*Task*
Could you transcribe each record below exactly as written, setting the pictures aside?

*Information*
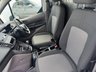 USED 2019 68 FORD TRANSIT CONNECT 1.5 200 EcoBlue Panel Van 5dr Diesel Manual L1 Euro 6 (s/s) (75 ps) 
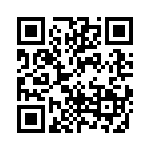 1N5230C-TAP QRCode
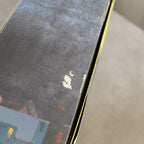 Vendita Xbox One X Cyberpunk 2077 Limited Edition - Retrogaming Shop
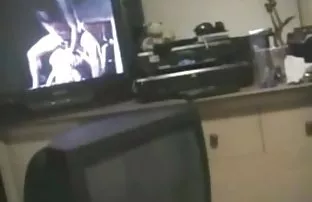 Nga khiêu dâm say xỉ ...
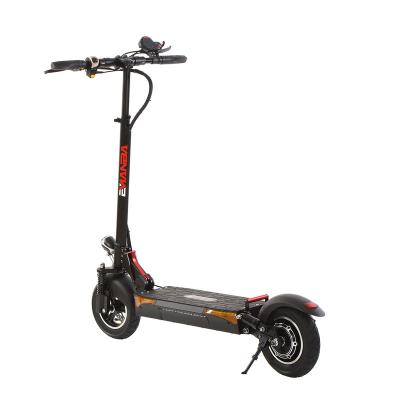 China Wholesale Traders 10 Inch 500w 48v 10ah Ningbo Electric Scooter Unisex UK Warehouse Free Shipping for sale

*Answer space*
 USED 2019 68 FORD TRANSIT CONNECT 1.5 200 EcoBlue Panel Van 5dr Diesel Manual L1 Euro 6 (s/s) (75 ps) 
 1N5230C-TAP QRCode
 Vendita Xbox One X Cyberpunk 2077 Limited Edition - Retrogaming Shop
 Nga khiêu dâm say xỉ ...
 China Wholesale Traders 10 Inch 500w 48v 10ah Ningbo Electric Scooter Unisex UK Warehouse Free Shipping for sale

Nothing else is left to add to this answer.